All that said, I am glad mbenonis saw my comments for a joke on the reality of his program and not a slam on it's intent to teach. The devil is in the details. While I in his place might trash my theater and friends, anyone else that is not one of us is speaking fighting words when they say the same things. Your post along with the other one about the fly system that is to be replaced due to lack of care is for many - a common theme that happens to the point of replacing the building every few years because it's getting old and things are falling apart. To those of you dealing with a ladder to the lighting booth in the Gymatorum, this really is the case in other places similar to you where when the gear gets old, it’s time for a big budget make over of the entire building. Yea, you all start from the same place in life. “What moving light should we buy for our high school program” while others are just worrying about if the ray lights used as primary lighting will burn out during an important scene. While keeping stuff current is something that can come by way of not servicing the gear in assuring a constant influx of new gear coming in, and that's educational. Another part of the educational is the reality of it in both having to take care of what you have because there is no bail out should it fail, and learning how to do with lights older than you are and still making magic etc. This magic is the thing we all revolve around in different ways. The person asking what moving light will best fill the role of both special and wash and the person asking advice in what to do once the only lights they have burn out during a scene.


----------



## sound_nerd (Dec 3, 2004)

In relation to the gear not being taken care of, I can vouch for that. When a friend and I took it upon ourselves to save the tech department at our old high school, we found tons of gear, packed away, still good and usable, but put aside in favor of something new. 

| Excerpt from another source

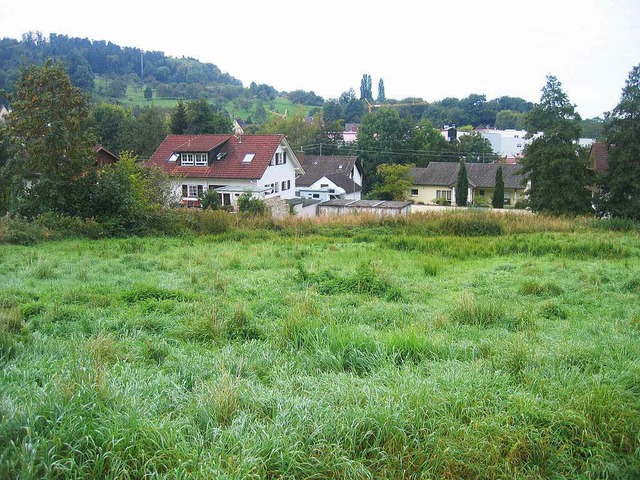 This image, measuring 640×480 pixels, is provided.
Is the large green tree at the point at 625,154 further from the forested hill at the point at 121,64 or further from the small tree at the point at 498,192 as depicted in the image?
the forested hill at the point at 121,64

They had upgraded the entire lighting system, and audio system, but instead of adding to what they had, it was all replaced. We came upon a storage room backstage full of old lekos, and fresnels, there was even a couple old Peavey CS800 amps in there. After a good cleaning, everything was running really well. I am still impressed with the old amps. lol. We were able to incorporate the old lighting in with the new, almost doubling the fixtures being used. As for the amps, they found their way into a portable rack that we designed to be used for pep-rallies and the like that would be located outside the auditorium. 

There is a lot that can be done with old gear, no matter who thinks its "outdated" and broken (even though all it needs is a good cleaning, and some tlc). Older gear tends to be more durable, and more reliable than a lot of the newer stuff. The only advantage I can see to buying brand new gear is warranties, and the fact that newer gear is usually lighter as well. In a theatre I dont think weight matters quite as much as on the road.


----------



## herr_highbrau (Mar 9, 2005)

Lol! U got it. I'm trying to get our team trained at the moment, for the new assembly hall that's being built at our school. At the moment, I'm still working off lights built in the 70s, but they're good. Although I can't say I wouldn't mind some new Mac 550s and a Pearl 2000 console!

Yeah, the old kit is good, especially for training and things like that. I say keep a hold of it, and continue to treat it well.


----------



## RedmonwantsEOS (Jun 17, 2008)

Oh WOW. Im just browsing through old stuff, and I come upon THIS. Chinese Wall, LVHS, we did this play again this year 2008, WOW.
Well, we still had a few of the same problems. The fixtures that were on the front pipe then were probobly the same ones we used this time. So, after the show, I got a crew together, and replaced all of them with new(er) Altman 6x9's and Lekos. And we did get a complete new system in 2006-I REALLY need to post a drawing of what our old MONSTER control system looked like. From 1962, amazing.
But wow, this is cool.


----------